- **Activity**
With the pictures left out, return exactly the lines from the one containing "painted paint by" through the end of the listing below.

- **Collected data**
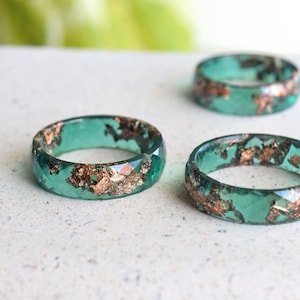 Flat lay of the jade ring styled with minimal gold jewelry and soft textures for a romantic look.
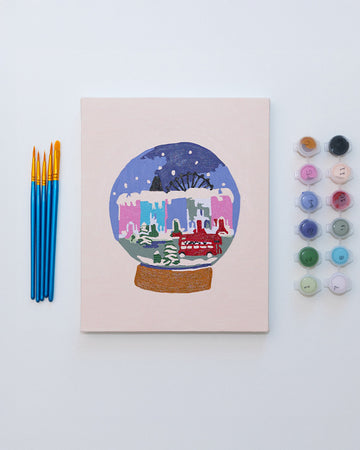 painted paint by numbers kit with snowy snowglobe scene with 5 paintbrushes and 12 pots of paint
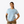 Person wearing a light blue t-shirt with a logo on a white background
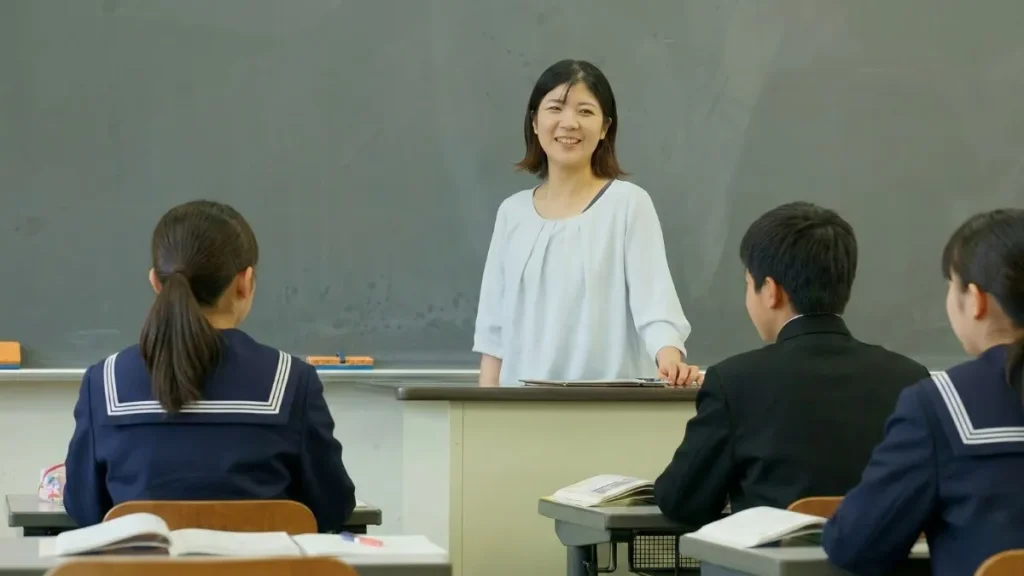 中学校の教室内で、笑顔の女性教師がセーラー服と学ラン姿の生徒たちを前に授業を行う様子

- **Answer box**
 painted paint by numbers kit with snowy snowglobe scene with 5 paintbrushes and 12 pots of paint
 Person wearing a light blue t-shirt with a logo on a white background
 中学校の教室内で、笑顔の女性教師がセーラー服と学ラン姿の生徒たちを前に授業を行う様子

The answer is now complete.